Over the past 12 months we have launched solutions for both indoor and outdoor applications. The NEW outdoor enclosure (ODU), can withstand wide environmental conditions and is designed to be pole or wall mounted close to a remote antenna.

We offer a comprehensive range of compact chassis and fibre modules, which are inter-operable between chassis, with a variety of features such as dual modules for cost and space saving. Additional resilience with -20dB input signal monitor ports and redundancy configuration options. LNB powering for uplink chains and also modules which convert a 10MHz reference signal over fibre.

All of our StingRay units are designed for reliability in service with hot-swap fibre optic link modules and hot-swap dual redundant power supplies as standard.

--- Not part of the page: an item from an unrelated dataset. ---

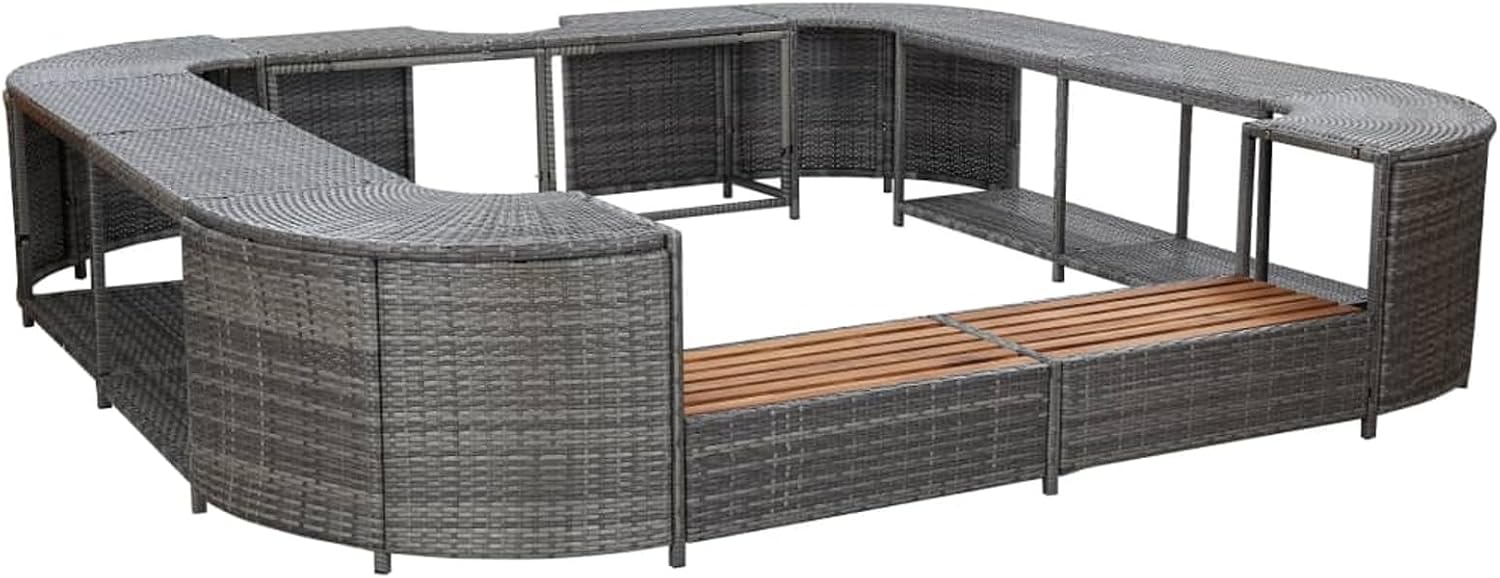 CIADAZ Badewannen mit Sprudelfunktion, 268x268x55 cm, Grau, Whirlpool-Umrandung, Poolumrandung, Pool Verkleidung R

As demands in the market change, such as the requirement for longer distance fibre transmissions, our RF over fibre range will continue to grow and we look forward to meeting the challenge of the industry’s RF needs.

This new RF distribution range strengthens ETL’s position as an established player in the RF distribution market and broadens our capability, making it easier for system integrators to exclusively choose ETL technology for RF distribution in all teleport areas.